Provided data: Begin
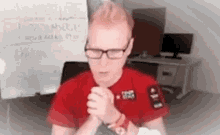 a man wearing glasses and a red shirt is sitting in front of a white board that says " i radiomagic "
Provided data: End
Provided data: Begin
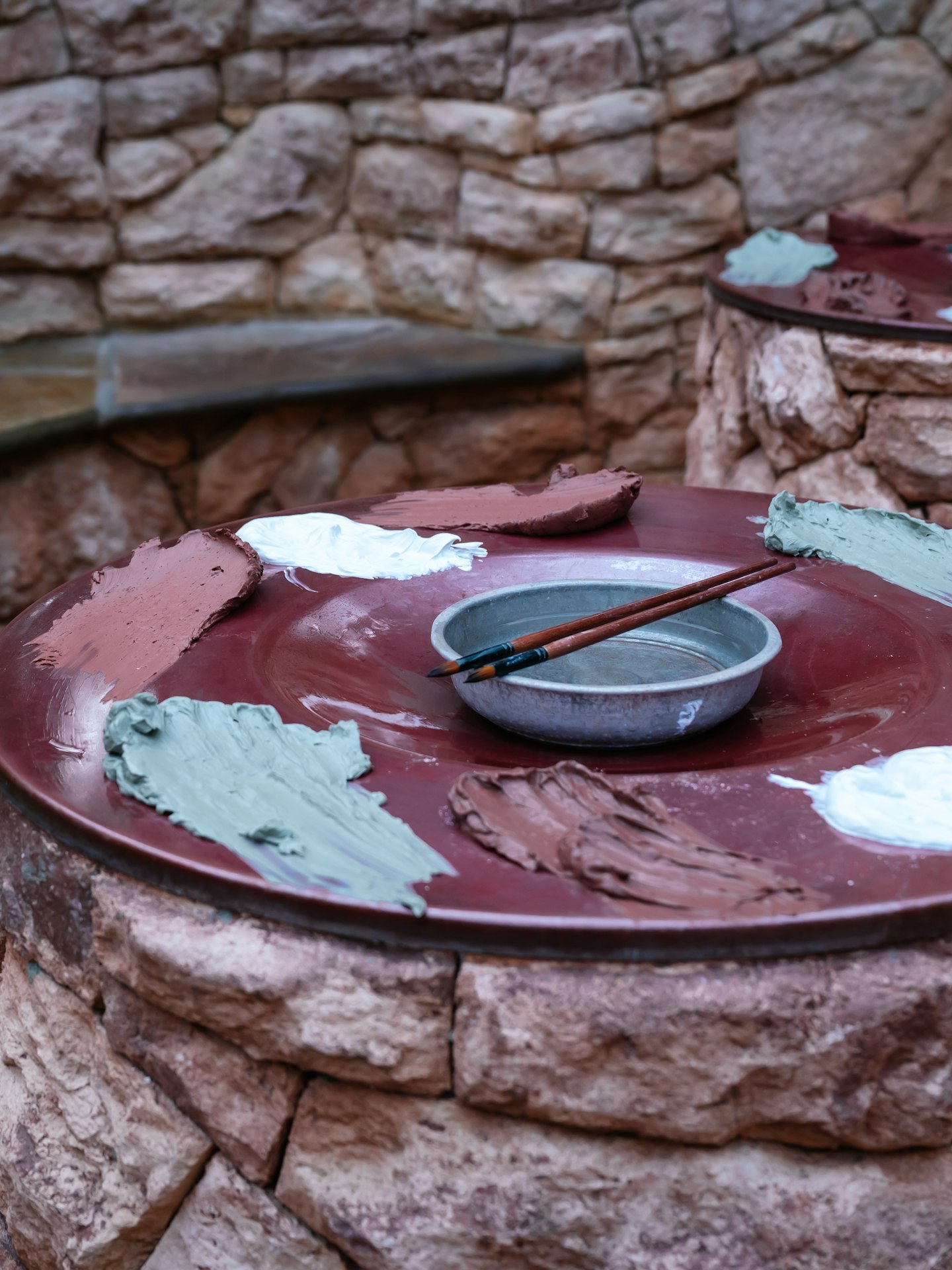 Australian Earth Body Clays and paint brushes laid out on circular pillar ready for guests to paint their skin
Provided data: End
Provided data: Begin
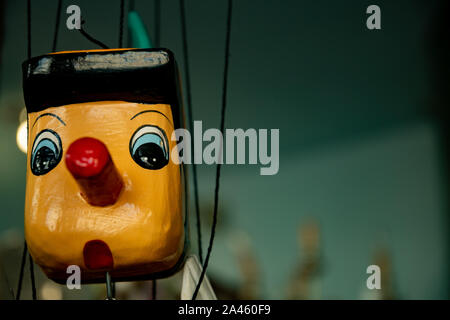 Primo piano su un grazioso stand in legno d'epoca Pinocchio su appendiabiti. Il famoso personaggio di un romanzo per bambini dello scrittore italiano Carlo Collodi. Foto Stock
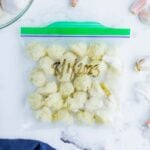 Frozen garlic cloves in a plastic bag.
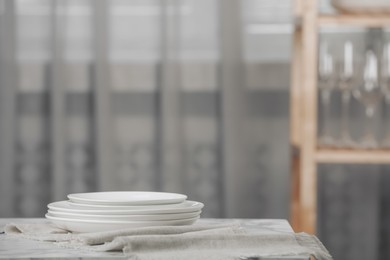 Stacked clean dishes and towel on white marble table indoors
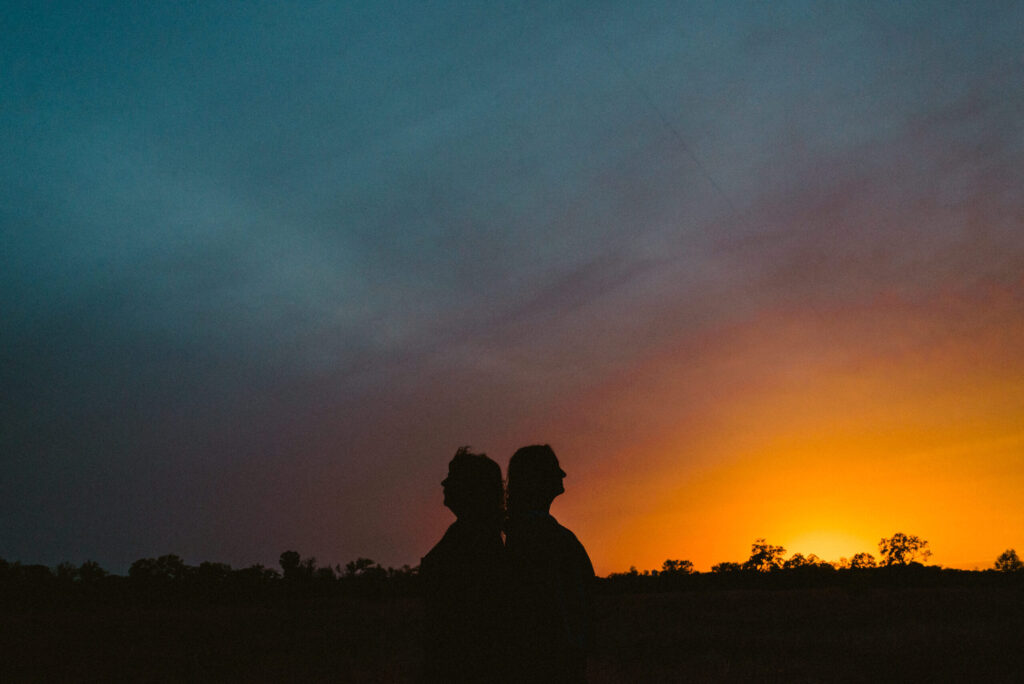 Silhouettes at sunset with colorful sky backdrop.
Provided data: End
_Task statement:_ After locating "Primo piano su" and "Silhouettes at sunset" in the records above, return exactly the line holding each one and every line between them; leave out the pictures.

_Written response:_
 Primo piano su un grazioso stand in legno d'epoca Pinocchio su appendiabiti. Il famoso personaggio di un romanzo per bambini dello scrittore italiano Carlo Collodi. Foto Stock
 Frozen garlic cloves in a plastic bag.
 Stacked clean dishes and towel on white marble table indoors
 Silhouettes at sunset with colorful sky backdrop.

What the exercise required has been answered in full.